I was getting the right answer.

I suspect, the issue is that the directory names repeat within the folder structure, which means that when it was supposed to add to “Directory/Directory/Directory” it was instead adding to some previously established “OtherDirectory/OtherDirectory/Directory”.

Confused yet?

Anyway, here is my code, and it works, for both solutions.
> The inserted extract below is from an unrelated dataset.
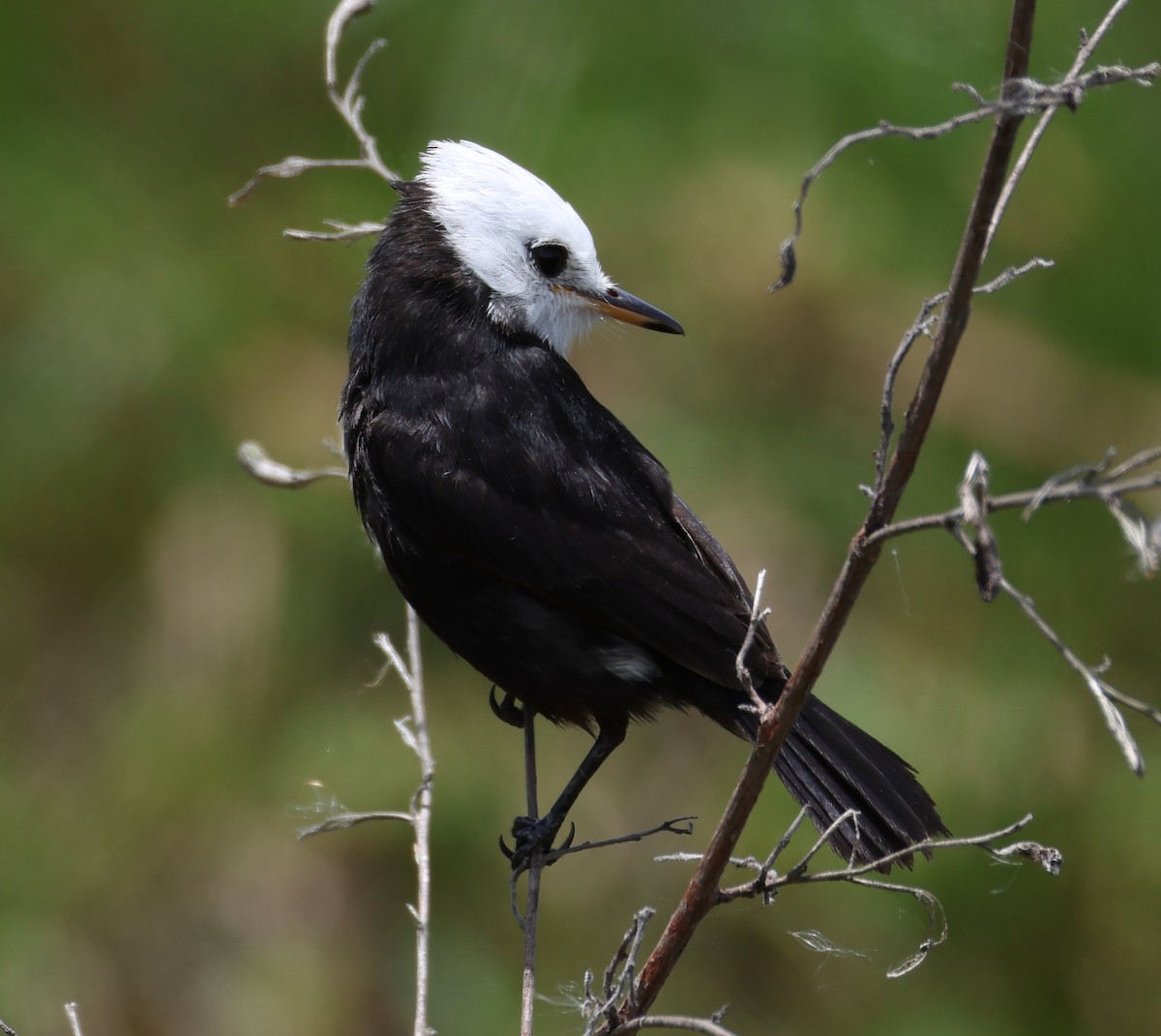 White-headed Marsh Tyrant - ML646373001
with open("Day07Input.txt") as file:
    data = file.read()

split = data.split('\n')
tree_dict = {"/": 0}
current_dir = []

for each in split:
    cl = each.split(" ")
    if cl[0] == "$":
        if cl[1] == "cd":
            if cl[2] == "/":
                current_dir = ["/"]
            elif cl[2] == "..":
                current_dir.pop()
            else:
                current_dir.append(cl[2])
    elif cl[0] == "dir":
        tree_dict["".join(current_dir)+cl[1]] = 0
    else:
        for tree_walker in range(0,len(current_dir)):
            tree_dict["".join(current_dir[0:tree_walker+1])] += int(cl[0])
    # print(current_dir)
    # print(files)

# print(tree_dict)

space_needed = 30000000 - (70000000-tree_dict['/'])
size_to_delete = tree_dict["/"]
total_size = 0
for key in tree_dict.keys():
    if tree_dict[key] <= 100000:
        total_size += tree_dict[key]
    if tree_dict[key] > space_needed and tree_dict[key] < size_to_delete:
        size_to_delete = tree_dict[key]

print(total_size)
# 6199378 high
# 1048940 low
# 1145908 low

print(size_to_delete)

##Part 1: 1582412
##Part 2: 3696336

Advent of Code 2022, Day 6

Day 6 – Fixing the Communicator

I’m not real sure what’s up here, but today’s project was easy. Like… stupidly easy. Maybe it’s just something better suited to how Python Handles data? The Part 2 was even easier. It literally just involved duplicating the same function, changing one number, and running the code.

The Problem Part 1:

As you move through the dense undergrowth, one of the Elves gives you a handheld device. He says that it has many fancy features, but the most important one to set up right now is the communication system.

However, because he’s heard you have significant experience dealing with signal-based systems, he convinced the other Elves that it would be okay to give you their one malfunctioning device – surely you’ll have no problem fixing it.

As if inspired by comedic timing, the device emits a few colorful sparks.

To be able to communicate with the Elves, the device needs to lock on to their signal. The signal is a series of seemingly-random characters that the device receives one at a time.

To fix the communication system, you need to add a subroutine to the device that detects a start-of-packet marker in the datastream. In the protocol being used by the Elves, the start of a packet is indicated by a sequence of four characters that are all different.

The Problem Part 2:

Your device’s communication system is correctly detecting packets, but still isn’t working. It looks like it also needs to look for messages.

A start-of-message marker is just like a start-of-packet marker, except it consists of 14 distinct characters rather than 4.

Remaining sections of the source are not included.